"The way that father found out about his kin folks was this: One day a creek was named and he told the white man, 'I was born close to that creek and played there in the white sand and water when I was a little boy.' The white man asked his name, said he knew the creek well too. Father told him he never was named till he was sold and they named him Sam—Sam Barnett. He was sold to Barnett in Memphis. But his dear own mother called him 'Candy.' The white man found out about his people for him and they found out his own dear mother died that same year he was taken from South Carolina from grief. He heard from some of his people from that time on till he died.

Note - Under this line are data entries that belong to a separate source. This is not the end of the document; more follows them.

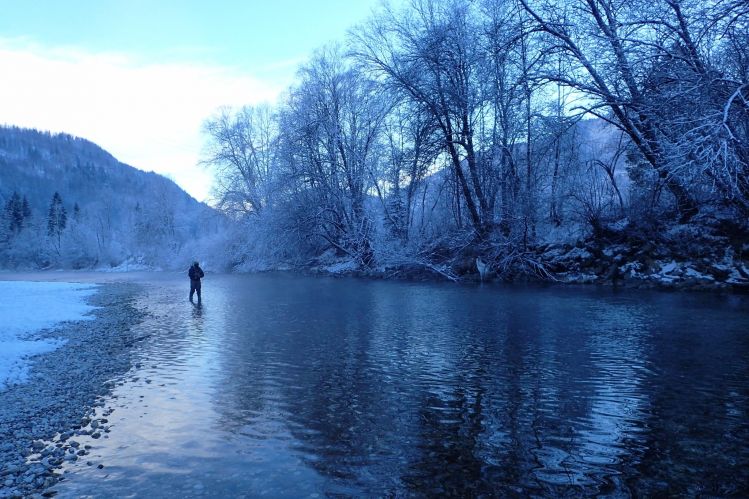 Meet the Huchen (Danube Salmon - Hucho Hucho) - Taimen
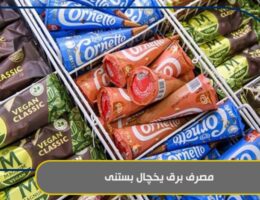 مصرف برق یخچال بستنی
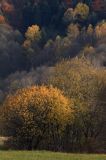 Bieszczady jesień Sokołowa Wola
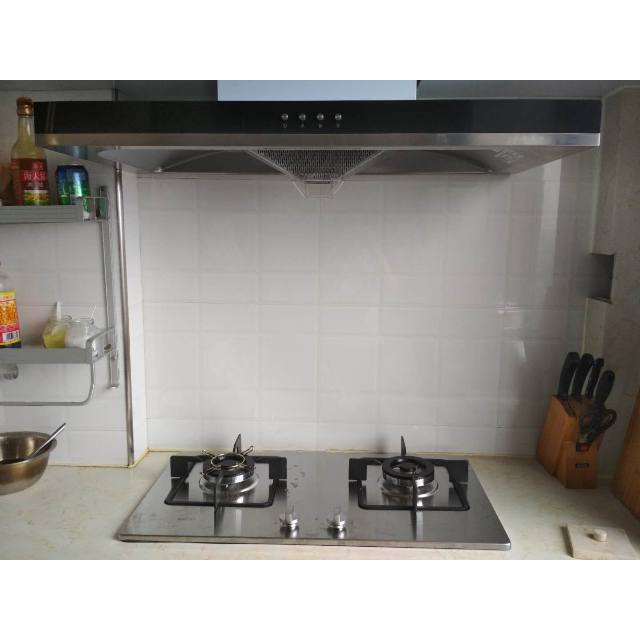 帅康sacon抽油烟机两件套油烟机烟灶套餐17立方te670935g厨卫电器欧式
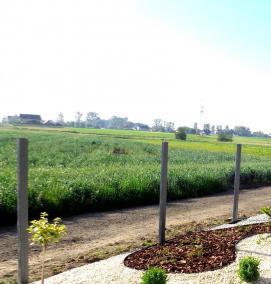 Бордюр для газона - модель 4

"I worked on the farm in Tennessee till I married. I ironed, washed, and have kept my own house and done the work that goes along with raising a small family. We own our home. We have saved all we could along. I have never had a real hard time like some I know. I guess my time is at hand now. I don't know which way to turn since my husband got down sick.

"I don't vote. Seem like it used to not be a nice place for women to go where voting was taking place. Now they go mix up and vote. That is one big change. Time is changing and changing the people. Maybe it is the people is changing up the world as time goes by. We colored folks look to the white folks to know the way to do. We have always done it."

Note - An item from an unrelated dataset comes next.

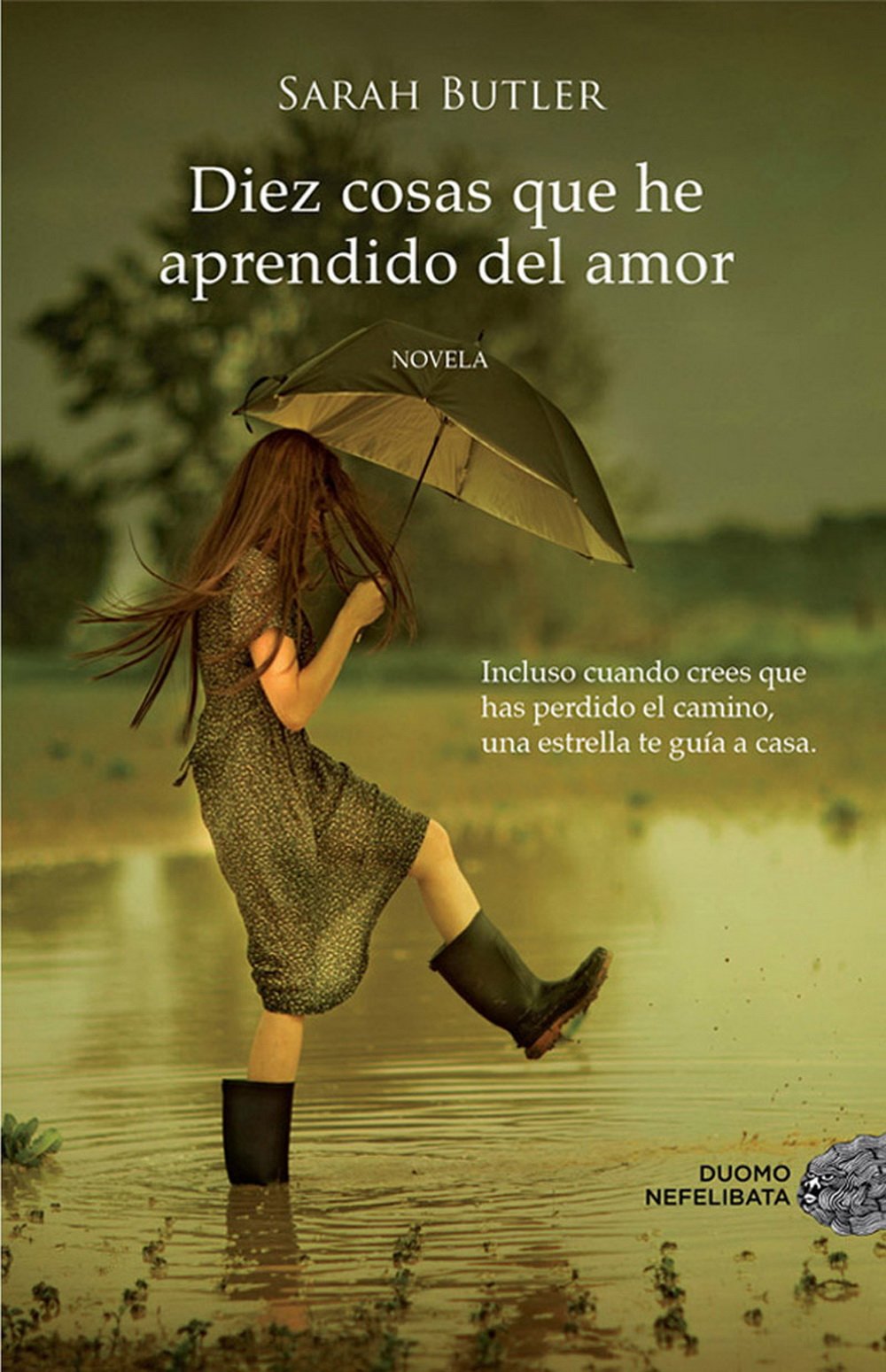 Diez cosas que he aprendido del amor (Nefelibata) Contemporary literature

Interviewer: Miss Irene Robertson
Person interviewed: Mary Mitchell, Hazen, Arkansas
Age: 60

"I was born in Trenton, Tennessee. My parents had five children. They were named William and Charlotte Wells. My father ran away and left my mother with all the children to raise. By birth mother was a Mississippian. She had been a nurse and my father was a timber man and farmer. My mother said she had her hardest time raising her little children. She was taken from her parents when a small girl and put on a block and sold. She never said if her owners was bad to her, but she said they was rough on Uncle Peter. He would fight. She said they would tie Uncle Peter and whoop him with a strap. From what she said there was a gang of slaves on Mr. Wade's place. He owned her. I never heard her mention freedom but she said they had a big farm bell on a tall post in the back yard and they had a horn to blow. It was a whistle made of a cow's horn.

"She said they was all afraid of the Ku Klux. They would ride across the field and they could see that they was around, but they never come up close to them."